Quel est votre rôle principal en tant que coach ?

Faire progresser, décrocher une médaille, détrôner un record ? Je ne crois pas. Je pense qu'en tant que coach, notre rôle premier est de nous assurer de l'aptitude physique d'un individu.

Pourtant je vois trop de coachs, imposer à leurs athlètes des mouvements complexes pour lesquels ils ne sont pas prêts, sous prétexte qu'ils ont de la force, ou que ça rend tout simplement joli sur Instagram de poster une vidéo d'un gars en train de squatter sous la parallèle. Jusqu'au jour, où ces athlètes commencent à se plaindre de douleurs articulaires/musculaires.
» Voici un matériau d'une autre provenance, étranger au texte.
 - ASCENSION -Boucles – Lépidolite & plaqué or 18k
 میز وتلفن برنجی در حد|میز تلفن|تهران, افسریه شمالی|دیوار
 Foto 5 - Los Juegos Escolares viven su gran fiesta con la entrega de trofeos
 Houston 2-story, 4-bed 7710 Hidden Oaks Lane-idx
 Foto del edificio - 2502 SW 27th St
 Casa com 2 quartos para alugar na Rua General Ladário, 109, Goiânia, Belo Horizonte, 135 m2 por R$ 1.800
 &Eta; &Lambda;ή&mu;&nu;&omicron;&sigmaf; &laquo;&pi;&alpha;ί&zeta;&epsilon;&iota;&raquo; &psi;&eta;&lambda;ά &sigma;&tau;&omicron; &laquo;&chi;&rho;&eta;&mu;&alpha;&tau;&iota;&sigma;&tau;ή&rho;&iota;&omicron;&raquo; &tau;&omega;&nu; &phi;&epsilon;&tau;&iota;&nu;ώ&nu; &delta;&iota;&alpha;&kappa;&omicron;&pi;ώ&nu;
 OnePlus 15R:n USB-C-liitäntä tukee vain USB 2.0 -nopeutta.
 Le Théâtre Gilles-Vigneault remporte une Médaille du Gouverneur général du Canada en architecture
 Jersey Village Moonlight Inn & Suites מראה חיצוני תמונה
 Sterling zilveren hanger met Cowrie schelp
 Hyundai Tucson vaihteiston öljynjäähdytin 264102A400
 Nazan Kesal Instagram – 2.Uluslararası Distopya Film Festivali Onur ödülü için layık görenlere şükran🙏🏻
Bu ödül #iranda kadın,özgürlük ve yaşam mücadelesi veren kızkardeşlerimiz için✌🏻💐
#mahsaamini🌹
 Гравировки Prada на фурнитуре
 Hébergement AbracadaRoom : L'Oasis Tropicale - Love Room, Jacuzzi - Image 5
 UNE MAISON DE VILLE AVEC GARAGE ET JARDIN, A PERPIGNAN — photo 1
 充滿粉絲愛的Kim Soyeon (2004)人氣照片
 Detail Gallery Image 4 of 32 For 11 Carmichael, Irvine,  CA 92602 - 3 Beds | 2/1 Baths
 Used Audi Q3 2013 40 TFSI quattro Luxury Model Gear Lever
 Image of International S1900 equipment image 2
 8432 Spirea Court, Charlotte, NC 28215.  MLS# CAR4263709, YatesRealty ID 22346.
En tant que coach, il est absolument INDISPENSABLE d'évaluer minutieusement, et de quantifier précisément les capacités physiques d'un individu.


Ce n'est qu'après, qu'on peut envisager d'augmenter les capacités physiques de l'individu (le renforcer) sur le plan musculaire et articulaire pour qu'il développe des aptitudes.

On appelle cela le learning process. Cela pourra paraître paradoxal mais...

Pour progresser, s'améliorer, il est important que l'athlète échoue régulièrement dans ce processus. Mais attention, cet échec peut comporter des risques.


Si l'individu entraîné ne dispose pas de ces capacités physiques, son échec peut être un véhicule pour une potentielle compensation et peut-être même à terme la blessure.

En revanche, si l'individu dispose de ces capacités physiques, l'échec au contraire sera un mécanisme pour mieux apprendre leurs aptitudes. Il sera donc bénéfique.

Certains exercices se méritent. Oui, oui.

L'athlète doit mériter le droit de les exécuter.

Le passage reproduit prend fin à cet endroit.